Analyzers is a combination of tokenizer and filter. An analyzer can have multiple filters but always have a single tokenizer. You can easily create custom analyzers on field level by combining a tokenizer with a filter per field.

The search process in a nutshell

The search process basically contains of two parts. The first part is the indexing phase. During index time incoming text will be processed by tokenizer and in after that the filter will do its work. The resulting tokens that comes out of this whole process will be stored and used for search.

The second part of the search process is the actual searching. Your search query will go through the search analyzer (so tokenized and filtered) and then elasticsearch will calculate the score and return all documents where you have hits.

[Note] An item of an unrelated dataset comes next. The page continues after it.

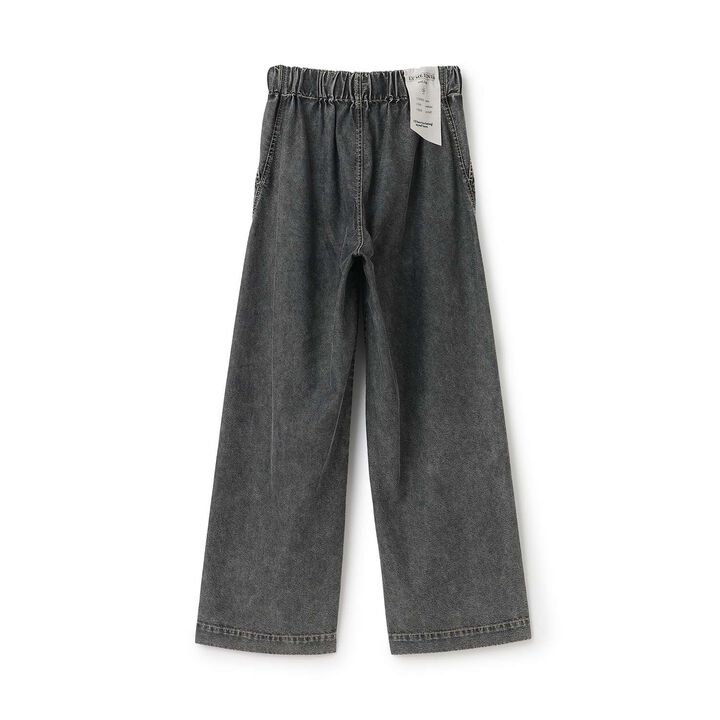 [Cool Touch] Summer-Ready Easy Pull-On Pants,Gray, medium image number 11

For full text search it’s usually a requirement that you can search on parts of words. This requirement almost rules out all tokenizers. This why will mainly focus on two tokenizers: Ngram and Edge Ngram.

Ngram tokenizer

The ngram tokenizer splits text into words. Words will be split up in tokens of a minimum size X and maximum size Y. If tokens matches a full word or a token then there will be a hit. This way we can support full text search. Let’s see how this works with an example:

Example:
Word: “quick”

Minimal token size: 2
Max token size: 10

Will generate tokens:
“qu”, “ui”, “ic”, “ck”, “qui, “uic”, “ick”, “quic”, “uick”, “quick”

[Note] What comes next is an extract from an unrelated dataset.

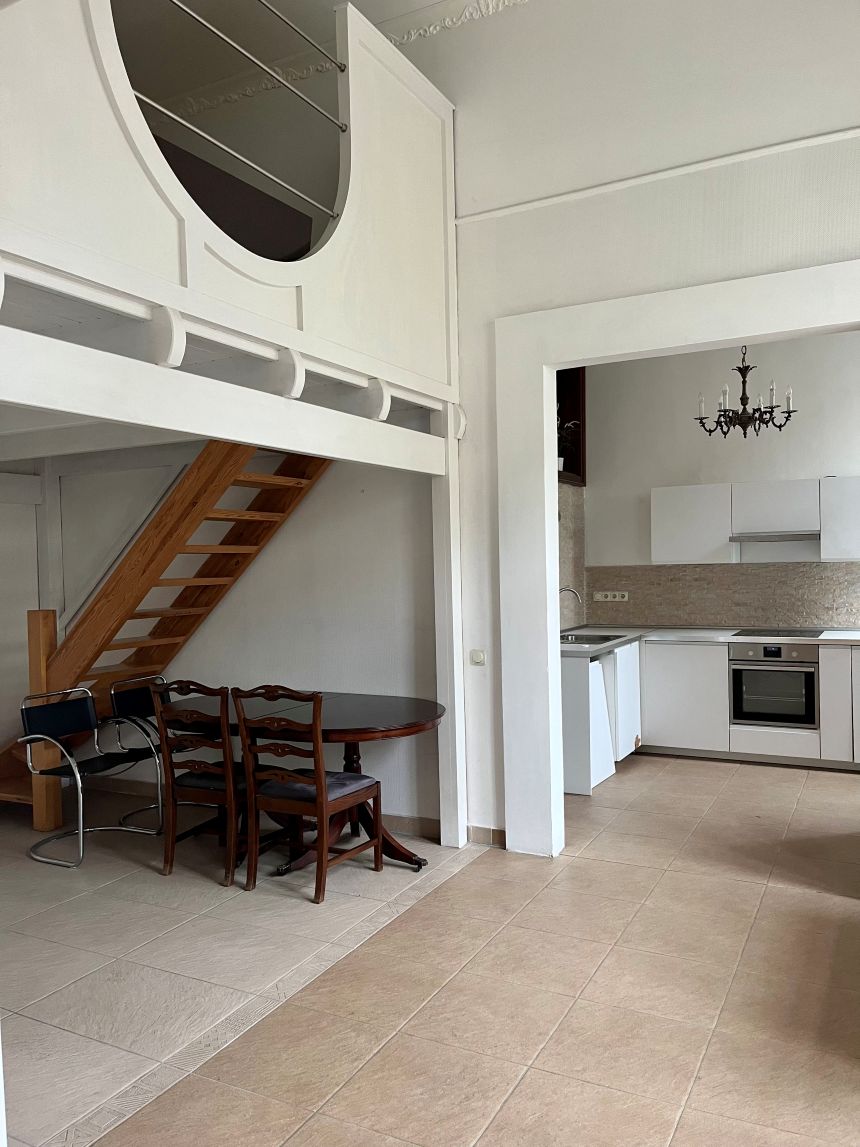 Апартаменты в Будапеште, Венгрия, 76 м² - фото 9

The resulting tokens are stored and we are able to search on those tokens.

Ngram versus Edge ngram

Ngram is by default not very efficient in terms of storage so for the example above we needed for a 5-letter word which generates 10 tokens. It’s not very likely that people search on “ui” or “ick” etc. It could be more interesting to go for the edge_ngram algorithm. With edge_gram we still split up words in tokens however we do only from the beginning word.

Example:
Word: “quick”

Minimal token size: 2
Max token size: 10
Will be tokenised into:

“qu”, “qui, “quic”, “quick”

Now we only produced 4 tokens, which is faster for search, and we will use way less storage and for the end user it’s probably just as effective.

I explained earlier that the search process generally speaking consists in two parts. When doing full text search it is important to know how this affects your search result. Usually you want to use the same analyser for both (this is a recommendation by Elasticsearch) but with ngrams you want to move away from this and this makes perfect sense! Let’s take an example:

Example:
Line 1: “the quick brown fox”
Line 2: “my brother in law is awesome”

Minimal token size: 3
Max token size: 10

Will generate tokens:
“the“, “qui“, “quic”, “quick”, “bro”, “brow”, “brown”, “fox”

And

“bro“, “brot“, “broth”, “brothe”, “brother”,
“law”, “awe”, “awes”, “aweso”, “awesom”, “awesome”

Imagine if you search with the term brown If you use edge_ngram as search analyser (the analyser DURING search) then brown will be tokenised to:

“bro”, “brow”, “brown”

This will give hits for both sentences because the token bro lives in both sentences however this is most likely not something you want.

To prevent this behaviour we should change the search analyser to the standard search analyser with Keyword tokenizer (this basically means that we don’t tokenize search terms!). By doing this we will start searching to tokens that equals brown, now only the “the quick brown fox” will pop up.

Token sizes

It’s also good to take look and play with the token sizes. During search you are most likely not searching one or two-letter words. With the min_gram parameter you can set minimum token size which will prevent words like “a”, “an”, “on” being indexed. The max_gram parameter set the maximum length on the token. A lower max_gram value will reduce storage space but will lead to less accurate results.

Example:
Words: “apples”, “application, “appearence”

Minimal token size: 2
Max token size: 3

Will generate tokens:
“ap “, “app”,
“ap “, “app”,
“ap “, “app”

In this example it’s impossible get any unique results. You either find nothing or all 3 results. So it’s important to find a nice trade off here.